Transcript:
Tom Vaughan:
Hello everybody, welcome to Wednesday. The S&P 500 was down about .26% today. And really, it was kind of an interesting day in the sense that the broad markets were down a bit. But a lot of good news was coming out from different earnings reports. So we’re still getting third quarter earnings reports this week is mostly around retailers. We had Lowe’s and Target report today, for example and they reported really good numbers all together. You got Williams Sonoma and such, you know, coming up and whatnot, too. So be really interesting see how this plays out. Because, again, the key thing we’re looking at here is the consumer, are they able to, you know, continue to move forward? And so far, the answer is yes.
And ironically, today, the market fell, at least, it seems, partly because of the really good reports from these retailers and there’s some fear that the market, you know, the overall economy kind of overheat as this pent up demand comes in at a pretty high rate, and people are spending money, and we could end up at the higher inflationary scenario. And one of the ways to slow that down is obviously is to raise interest rates from the Federal Reserve. The consensus right now is that that wouldn’t happen until maybe July of next year with some people thinking it’s still not going to start till 2023. Some people think it might start earlier. But when you get really good numbers from these retailers, sometimes there’s a fear that oh, they might have to start even earlier than that, like February or something along those lines.
And it’s funny, if you read the articles, you know, kind of side by side, you’ve got one group that thinks, you know, we really are behind the ball here, we need to start raising rates and slow things down.
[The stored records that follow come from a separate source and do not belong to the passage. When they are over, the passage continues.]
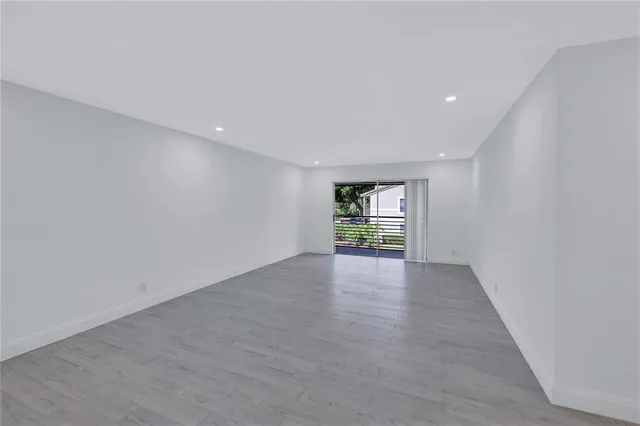 a view of a kitchen with a sink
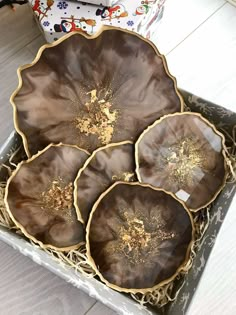 three brown and gold plates in a box on the floor next to a christmas tree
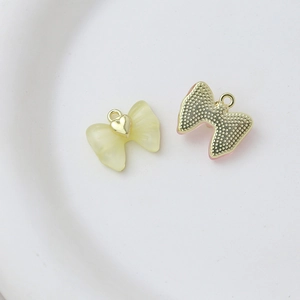 Detailed view of heart bow jewelry pendants with translucent yellow resin and gold metal base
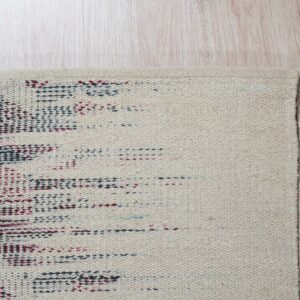 Tightly woven beige rug featuring a speckled dark red and dark blue design on light wood plank flooring.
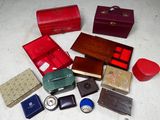 many different types of boxes and cases on the floor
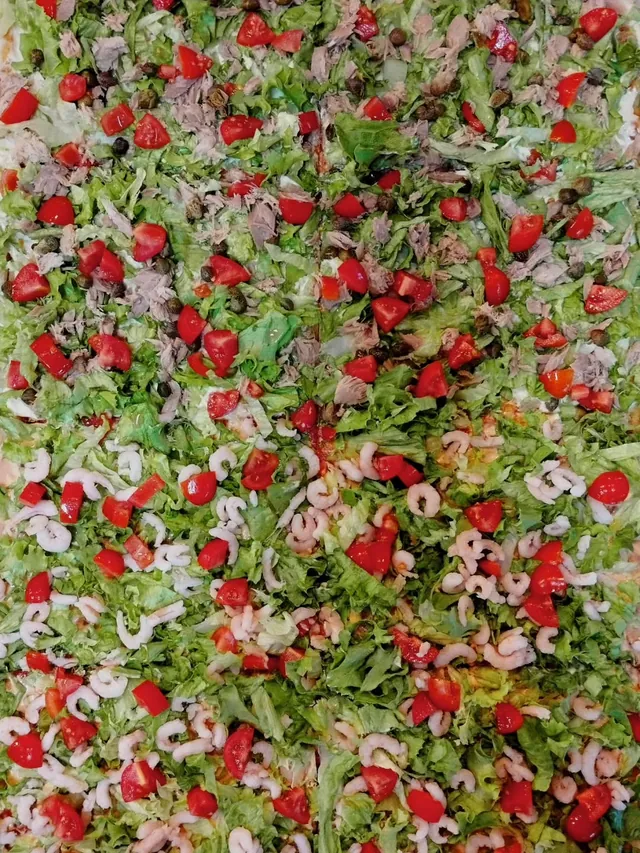Pizza fredda in teglia con insalata, pomodorini e gamberetti, vista dall’alto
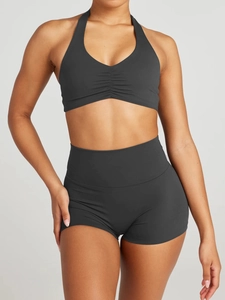 Detail of dark grey halter sports bra with ruched chest design and high waist gym shorts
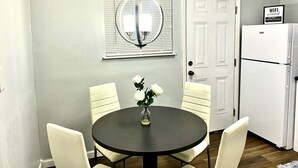 Un comedor con una mesa redonda, sillas blancas, un jarrón con flores, una lámpara colgante, una puerta blanca y un refrigerador blanco.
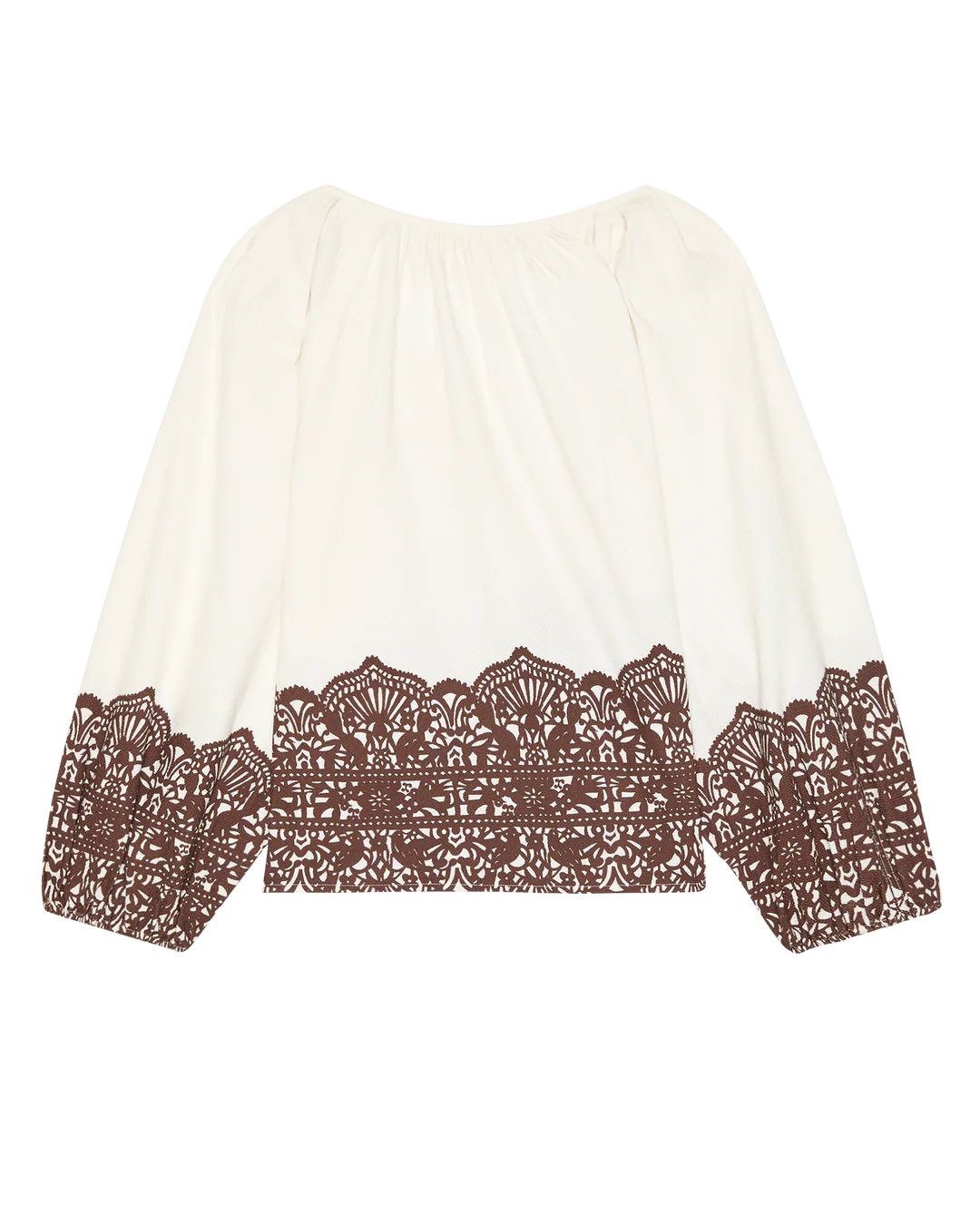The Chariot Top is a white textured cotton long-sleeve top with a loose fit and detailed brown lace accents on the hem and cuffs.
And other group to saying if you look at, you know, some of the other pieces of the economy, we need to maybe not even raise rates until 2023. So this is the battle that we’re going to see a play out here.
Personally, I’m not really worried about the first rate increase, I’m more worried about the 10th, or the 15th rate increase, because that’s when things seem to really have had problems for the market in the past. We have seen some rallies actually, once they do start doing something like we saw just a few weeks ago, when they talked about cutting back on the bond purchases with the Federal Reserve. We saw very nice movement out of that. There is a part of the market that’s relieved that they might be trying to fight inflation and not let things overheat.
So it’s this basic teeter totter balancing thing that we’re going through right now. You know, we want the economy to grow to create jobs, we don’t want it to grow too fast to create inflation. So that’s something we’re going to be talking about going forward here. But I think the market’s really healthy. You know, a situation where demand is higher than you know expected, is really a good thing to have altogether. It’s a good problem. So, look forward to talking to you tomorrow. Thank you very much.